◆ Work to be completed: When you reach the line in the data below that contains "A baby gekleidet", please start repeating lines exactly, and stop after the line that contains "Fototapeta premium 斜め上を見上げ、微笑みながら考え事をする若くて美しい女性のイメージ画像", repeating nothing else.

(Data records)
___
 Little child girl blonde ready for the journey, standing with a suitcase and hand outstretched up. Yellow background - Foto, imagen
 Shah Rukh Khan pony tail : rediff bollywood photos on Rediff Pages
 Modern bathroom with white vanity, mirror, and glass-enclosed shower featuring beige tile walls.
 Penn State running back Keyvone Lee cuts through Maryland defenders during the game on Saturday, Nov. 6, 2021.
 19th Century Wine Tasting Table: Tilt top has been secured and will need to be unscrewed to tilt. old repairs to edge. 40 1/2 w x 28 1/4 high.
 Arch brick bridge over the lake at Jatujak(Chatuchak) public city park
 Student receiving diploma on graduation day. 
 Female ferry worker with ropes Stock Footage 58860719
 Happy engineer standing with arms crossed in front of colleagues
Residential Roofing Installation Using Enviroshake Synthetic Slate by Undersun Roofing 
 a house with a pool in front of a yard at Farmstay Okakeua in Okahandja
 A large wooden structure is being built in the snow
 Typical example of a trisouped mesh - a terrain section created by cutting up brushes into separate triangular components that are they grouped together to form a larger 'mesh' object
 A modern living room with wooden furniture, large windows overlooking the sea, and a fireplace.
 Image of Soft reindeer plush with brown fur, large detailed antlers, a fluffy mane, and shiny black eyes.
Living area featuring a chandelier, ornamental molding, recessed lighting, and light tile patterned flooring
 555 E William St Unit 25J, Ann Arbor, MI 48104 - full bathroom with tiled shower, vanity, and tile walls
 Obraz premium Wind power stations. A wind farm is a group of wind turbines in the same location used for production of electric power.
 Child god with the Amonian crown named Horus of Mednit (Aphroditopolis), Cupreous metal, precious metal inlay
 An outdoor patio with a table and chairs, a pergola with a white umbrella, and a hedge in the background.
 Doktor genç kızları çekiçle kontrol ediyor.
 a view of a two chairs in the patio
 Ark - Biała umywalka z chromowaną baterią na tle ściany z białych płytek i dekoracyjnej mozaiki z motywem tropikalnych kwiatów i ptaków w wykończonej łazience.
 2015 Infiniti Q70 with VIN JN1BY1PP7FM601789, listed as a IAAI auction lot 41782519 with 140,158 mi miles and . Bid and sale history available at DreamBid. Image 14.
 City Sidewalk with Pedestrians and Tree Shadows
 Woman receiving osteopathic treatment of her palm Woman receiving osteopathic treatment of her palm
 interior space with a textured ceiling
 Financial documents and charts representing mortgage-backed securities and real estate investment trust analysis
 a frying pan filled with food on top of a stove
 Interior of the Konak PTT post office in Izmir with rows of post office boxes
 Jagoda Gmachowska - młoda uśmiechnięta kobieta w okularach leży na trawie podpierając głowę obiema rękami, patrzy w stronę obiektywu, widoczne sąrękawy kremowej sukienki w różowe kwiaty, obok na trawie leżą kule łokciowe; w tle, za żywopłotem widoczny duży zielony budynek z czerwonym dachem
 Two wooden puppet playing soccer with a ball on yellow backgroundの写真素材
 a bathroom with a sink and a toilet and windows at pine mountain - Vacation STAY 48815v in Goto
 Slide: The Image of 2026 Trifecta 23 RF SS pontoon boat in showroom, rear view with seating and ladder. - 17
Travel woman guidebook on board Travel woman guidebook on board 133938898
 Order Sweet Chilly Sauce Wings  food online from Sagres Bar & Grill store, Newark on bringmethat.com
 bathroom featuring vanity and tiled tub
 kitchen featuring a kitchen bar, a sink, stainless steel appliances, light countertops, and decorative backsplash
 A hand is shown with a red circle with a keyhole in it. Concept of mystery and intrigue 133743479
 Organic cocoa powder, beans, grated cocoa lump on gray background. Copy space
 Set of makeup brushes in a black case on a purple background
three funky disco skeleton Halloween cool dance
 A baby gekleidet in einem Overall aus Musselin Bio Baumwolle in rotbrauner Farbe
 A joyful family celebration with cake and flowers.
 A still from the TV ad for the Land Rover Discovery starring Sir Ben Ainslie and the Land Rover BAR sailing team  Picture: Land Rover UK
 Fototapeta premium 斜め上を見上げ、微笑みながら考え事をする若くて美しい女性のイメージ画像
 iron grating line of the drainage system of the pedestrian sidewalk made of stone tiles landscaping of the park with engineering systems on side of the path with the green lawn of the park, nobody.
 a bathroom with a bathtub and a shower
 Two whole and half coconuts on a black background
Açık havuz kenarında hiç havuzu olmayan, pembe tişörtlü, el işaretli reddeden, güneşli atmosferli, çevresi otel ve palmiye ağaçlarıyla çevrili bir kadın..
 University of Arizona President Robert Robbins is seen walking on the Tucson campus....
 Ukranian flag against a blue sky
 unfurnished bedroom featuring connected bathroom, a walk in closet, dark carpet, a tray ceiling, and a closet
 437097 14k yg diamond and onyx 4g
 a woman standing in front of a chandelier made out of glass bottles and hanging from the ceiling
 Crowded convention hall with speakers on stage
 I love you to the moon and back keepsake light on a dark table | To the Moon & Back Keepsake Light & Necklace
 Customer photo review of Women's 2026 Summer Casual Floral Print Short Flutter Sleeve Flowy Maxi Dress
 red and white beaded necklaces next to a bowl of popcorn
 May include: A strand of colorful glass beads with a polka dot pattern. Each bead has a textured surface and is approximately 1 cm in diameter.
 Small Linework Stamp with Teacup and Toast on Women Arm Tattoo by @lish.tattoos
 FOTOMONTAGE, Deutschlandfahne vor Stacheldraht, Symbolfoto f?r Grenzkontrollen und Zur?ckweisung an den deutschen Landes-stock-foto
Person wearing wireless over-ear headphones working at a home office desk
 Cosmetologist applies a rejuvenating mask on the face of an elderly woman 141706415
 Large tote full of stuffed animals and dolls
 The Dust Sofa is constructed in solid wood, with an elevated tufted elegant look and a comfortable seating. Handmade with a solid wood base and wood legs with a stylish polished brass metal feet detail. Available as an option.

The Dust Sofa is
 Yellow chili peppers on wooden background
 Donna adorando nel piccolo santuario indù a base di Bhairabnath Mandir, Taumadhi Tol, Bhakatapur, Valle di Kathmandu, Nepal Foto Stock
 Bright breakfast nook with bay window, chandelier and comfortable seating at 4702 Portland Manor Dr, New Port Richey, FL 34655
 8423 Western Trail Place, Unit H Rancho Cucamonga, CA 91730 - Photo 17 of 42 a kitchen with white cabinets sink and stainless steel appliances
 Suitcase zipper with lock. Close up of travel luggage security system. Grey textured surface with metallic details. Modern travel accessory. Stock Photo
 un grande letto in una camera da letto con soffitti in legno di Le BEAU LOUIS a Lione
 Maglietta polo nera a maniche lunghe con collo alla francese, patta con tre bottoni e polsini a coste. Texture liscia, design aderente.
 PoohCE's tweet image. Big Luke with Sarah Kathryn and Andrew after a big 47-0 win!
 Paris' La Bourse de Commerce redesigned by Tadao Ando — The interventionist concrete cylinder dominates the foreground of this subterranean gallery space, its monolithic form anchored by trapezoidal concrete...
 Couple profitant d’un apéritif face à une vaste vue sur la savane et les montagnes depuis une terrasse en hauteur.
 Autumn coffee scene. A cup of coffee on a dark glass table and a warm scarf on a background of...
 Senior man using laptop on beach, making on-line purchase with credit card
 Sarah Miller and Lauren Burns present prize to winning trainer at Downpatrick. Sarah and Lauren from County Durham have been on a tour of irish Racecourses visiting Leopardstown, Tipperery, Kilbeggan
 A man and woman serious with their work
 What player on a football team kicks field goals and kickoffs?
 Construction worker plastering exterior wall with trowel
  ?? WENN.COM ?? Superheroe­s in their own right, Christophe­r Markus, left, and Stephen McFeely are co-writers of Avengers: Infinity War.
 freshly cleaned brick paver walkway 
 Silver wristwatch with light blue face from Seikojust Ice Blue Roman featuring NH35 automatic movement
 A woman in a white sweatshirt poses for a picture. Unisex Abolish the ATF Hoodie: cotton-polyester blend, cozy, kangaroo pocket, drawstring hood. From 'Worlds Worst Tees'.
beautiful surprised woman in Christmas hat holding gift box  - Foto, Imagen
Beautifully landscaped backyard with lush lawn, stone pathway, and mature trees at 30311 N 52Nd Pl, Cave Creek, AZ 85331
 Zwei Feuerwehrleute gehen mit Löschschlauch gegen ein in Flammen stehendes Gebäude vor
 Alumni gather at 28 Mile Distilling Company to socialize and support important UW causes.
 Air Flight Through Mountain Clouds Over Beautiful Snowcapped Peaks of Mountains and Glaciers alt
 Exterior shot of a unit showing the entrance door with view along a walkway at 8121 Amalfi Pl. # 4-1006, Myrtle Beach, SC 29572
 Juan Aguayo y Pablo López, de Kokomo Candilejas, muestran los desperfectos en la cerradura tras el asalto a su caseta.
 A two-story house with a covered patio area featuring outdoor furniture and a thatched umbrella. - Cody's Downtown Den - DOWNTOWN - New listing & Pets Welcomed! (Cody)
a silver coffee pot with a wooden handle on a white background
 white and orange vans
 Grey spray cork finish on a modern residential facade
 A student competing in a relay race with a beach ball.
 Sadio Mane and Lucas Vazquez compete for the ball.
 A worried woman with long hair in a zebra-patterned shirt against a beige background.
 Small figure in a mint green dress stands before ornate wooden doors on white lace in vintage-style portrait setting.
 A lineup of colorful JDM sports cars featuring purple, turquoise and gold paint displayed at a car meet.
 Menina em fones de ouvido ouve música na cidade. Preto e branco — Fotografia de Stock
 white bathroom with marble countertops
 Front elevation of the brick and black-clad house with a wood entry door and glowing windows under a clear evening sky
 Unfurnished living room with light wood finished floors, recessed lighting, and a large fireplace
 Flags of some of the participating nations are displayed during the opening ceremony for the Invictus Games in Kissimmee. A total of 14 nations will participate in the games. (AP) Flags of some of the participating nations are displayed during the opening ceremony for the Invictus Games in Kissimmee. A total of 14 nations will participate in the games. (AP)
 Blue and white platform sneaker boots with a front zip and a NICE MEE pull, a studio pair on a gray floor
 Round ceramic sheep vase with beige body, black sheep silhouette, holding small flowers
___
◆ Response area:
 A baby gekleidet in einem Overall aus Musselin Bio Baumwolle in rotbrauner Farbe
 A joyful family celebration with cake and flowers.
 A still from the TV ad for the Land Rover Discovery starring Sir Ben Ainslie and the Land Rover BAR sailing team  Picture: Land Rover UK
 Fototapeta premium 斜め上を見上げ、微笑みながら考え事をする若くて美しい女性のイメージ画像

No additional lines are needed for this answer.